Para uma pessoa que gosta de se contaminar, de metástases, o que você pretende fazer a partir de agora com toda esta contaminação.

Eu gosto muito do A.E e do D.E. … Antes da experiência e depois da experiência (risos). Antes de sair de Cuiabá eu me reuni com cinco mulheres que passeiam na dança, passeiam no teatro, pesquisadoras ótimas. Tem mestrandas, mestras e doutorandas nesta turma. Eu propus a elas de trabalharmos juntos, por nove meses, numa gestação.
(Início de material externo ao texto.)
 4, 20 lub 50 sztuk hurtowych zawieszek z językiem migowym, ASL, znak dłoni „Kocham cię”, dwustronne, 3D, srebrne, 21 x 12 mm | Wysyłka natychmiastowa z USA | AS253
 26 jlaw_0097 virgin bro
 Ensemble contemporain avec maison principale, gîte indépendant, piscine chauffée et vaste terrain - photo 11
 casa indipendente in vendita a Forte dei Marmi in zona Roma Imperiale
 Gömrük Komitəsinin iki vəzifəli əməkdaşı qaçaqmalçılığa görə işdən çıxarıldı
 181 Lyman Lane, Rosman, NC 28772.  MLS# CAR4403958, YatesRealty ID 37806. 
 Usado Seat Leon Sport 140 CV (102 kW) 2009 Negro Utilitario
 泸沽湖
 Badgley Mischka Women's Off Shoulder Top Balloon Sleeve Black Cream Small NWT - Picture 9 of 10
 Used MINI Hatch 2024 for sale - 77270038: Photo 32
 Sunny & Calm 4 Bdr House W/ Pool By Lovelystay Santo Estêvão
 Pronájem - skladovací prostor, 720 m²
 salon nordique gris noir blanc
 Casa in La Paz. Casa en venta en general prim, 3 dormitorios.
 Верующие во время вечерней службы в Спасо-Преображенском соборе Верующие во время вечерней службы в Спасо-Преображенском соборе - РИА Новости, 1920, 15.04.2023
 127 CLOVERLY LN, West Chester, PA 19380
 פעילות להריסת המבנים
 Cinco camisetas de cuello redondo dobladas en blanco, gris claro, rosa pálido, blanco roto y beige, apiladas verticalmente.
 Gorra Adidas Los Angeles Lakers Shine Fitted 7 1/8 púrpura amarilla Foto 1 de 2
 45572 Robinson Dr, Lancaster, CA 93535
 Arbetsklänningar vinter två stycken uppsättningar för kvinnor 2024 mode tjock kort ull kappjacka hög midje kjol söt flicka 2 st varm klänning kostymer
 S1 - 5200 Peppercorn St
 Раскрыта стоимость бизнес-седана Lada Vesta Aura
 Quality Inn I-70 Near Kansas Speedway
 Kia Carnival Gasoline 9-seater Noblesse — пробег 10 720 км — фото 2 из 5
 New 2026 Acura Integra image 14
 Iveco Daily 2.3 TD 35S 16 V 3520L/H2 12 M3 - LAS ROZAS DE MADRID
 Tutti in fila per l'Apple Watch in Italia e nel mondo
Eu gosto muito do que gera… Por exemplo, como é receber uma carta de alguém? O que é abrir uma carta? Tem cheiro naquele papel? Se tem cheiro, como meu corpo reage a este cheiro? Como aquelas palavras tocam meu corpo? O que elas podem gerar? Por isso, estamos trocando cartas pelo correio, inicialmente.

Em paralelo, tem o Sesc. Vou inserir esta linha num projeto no qual participo há anos, que é o Leituras de Movimento. Mas, o principal é que tirei toda limitação de mim e o receio que eu tinha de abordar tal tema… O receio terminou.

O que você pensa fazer com todo esse aprendizado?

Estou começando a escrever, também, um esquadro técnico de movimentação a partir do yoga. Como é se acordar para o pé? Qual é a funcionalidade do pé? Como é entender este pé no meu corpo? Como eu ativo este pé para movimentar este corpo, numa movimentação que parte do cotidiano e entra nesta transformação que é o artístico? A base pode ser o balé ou pode ser uma academia de ginástica. Mas como é pensar este pé como base da ação física, sendo os pés as raízes.

Na Fazenda Mística de Yoga o primordial era: tire os sapatos. Como é este conectar coma terra? Passei dias em vivências descalço e agora estou tendo dificuldade de enfrentar os sapatos! Como é alinhar corpo às pedras, quando isso passa a fazer parte da naturalidade no cotidiano? E se o pé é a raiz, vai ramificando e isso é um canal muito frutífero para linhas de técnicas corporais.

Enfim, tem o tempo-corpo e o tempo-mente, como é fazer estes tempos cooperarem com este tempo que está posto? O mais importante nisso tudo é trabalhar com eficiência, em paralelo a este tempo. Isso vai trazer, com certeza, um desdobramento artístico.